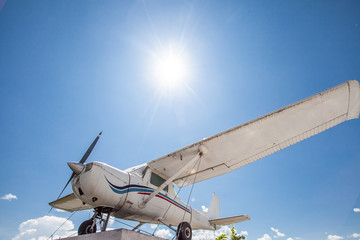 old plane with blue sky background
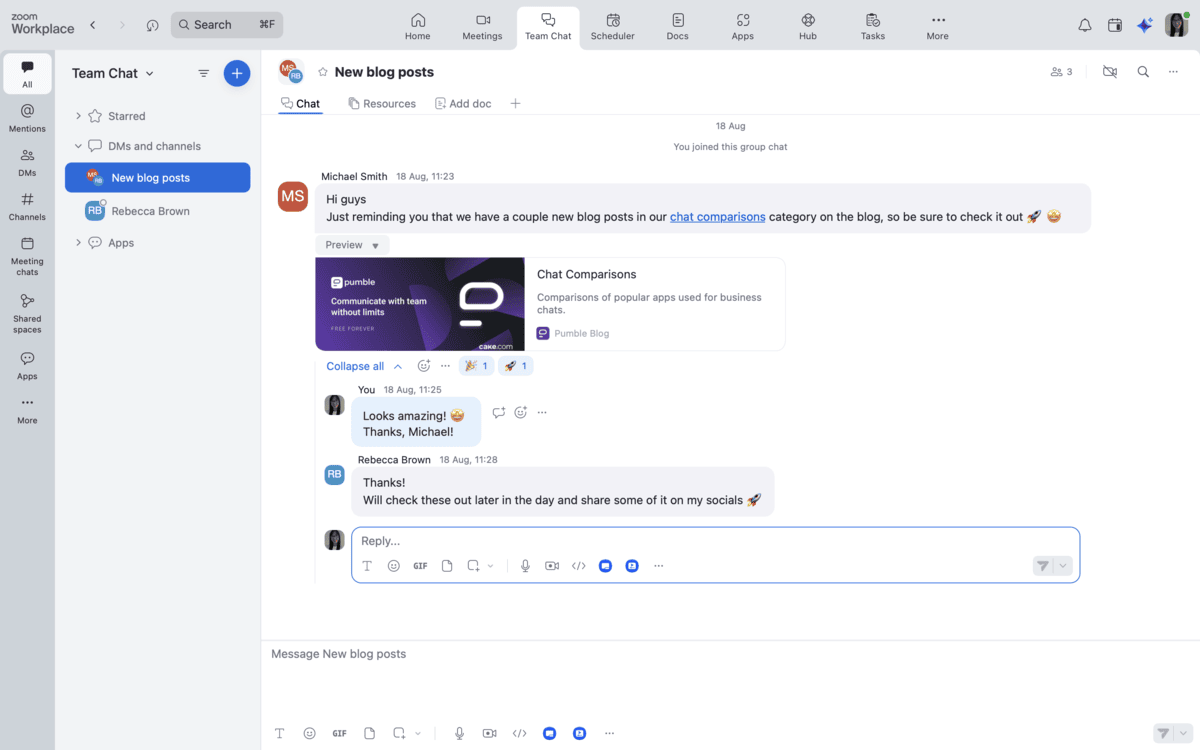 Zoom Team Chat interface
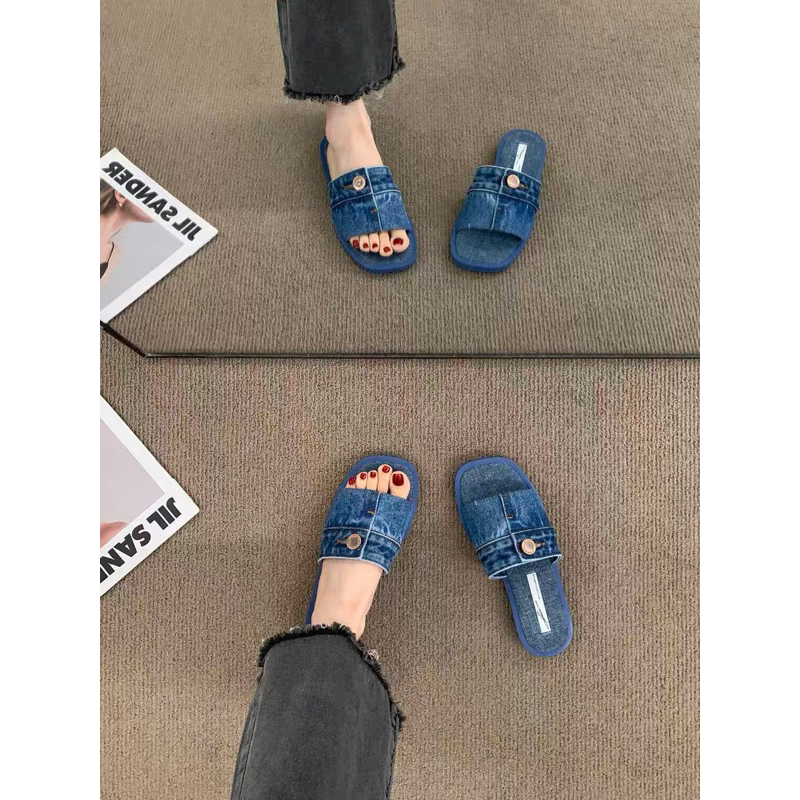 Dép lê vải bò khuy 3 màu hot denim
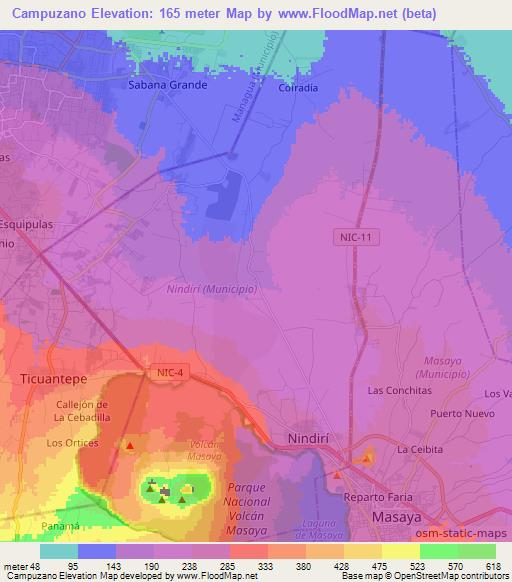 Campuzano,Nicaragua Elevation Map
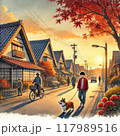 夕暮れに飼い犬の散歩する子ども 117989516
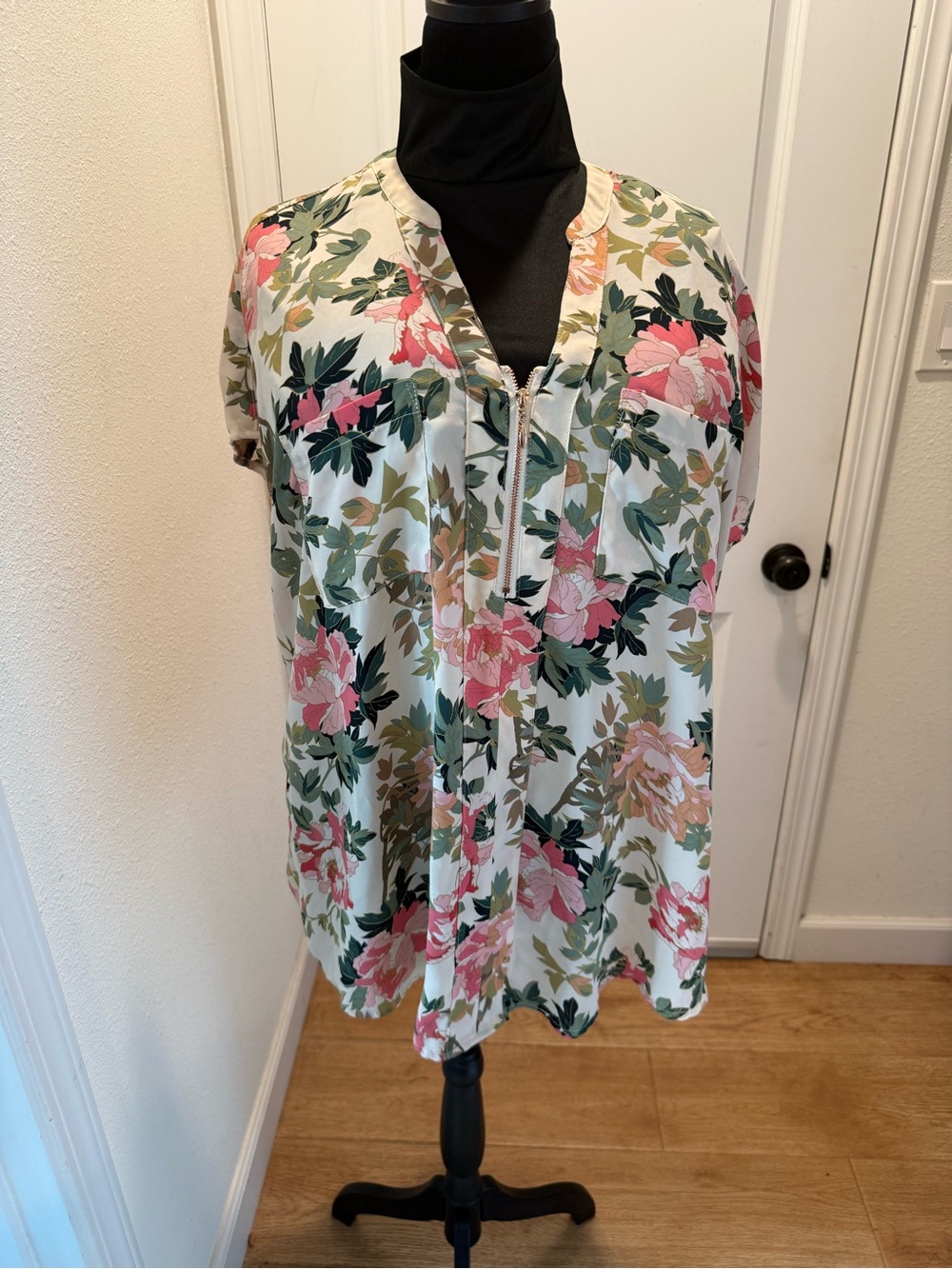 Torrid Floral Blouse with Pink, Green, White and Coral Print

┄┄┄┄┄┄┄┄┄┄

_TASK INSTRUCTIONS_:
Every line from the line containing "Zoom Team Chat interface" through the last line above is to be printed exactly. Pictures are not copied.

_SOLVED EXERCISE_:
 Zoom Team Chat interface
 Dép lê vải bò khuy 3 màu hot denim
 Campuzano,Nicaragua Elevation Map
 夕暮れに飼い犬の散歩する子ども 117989516
 Torrid Floral Blouse with Pink, Green, White and Coral Print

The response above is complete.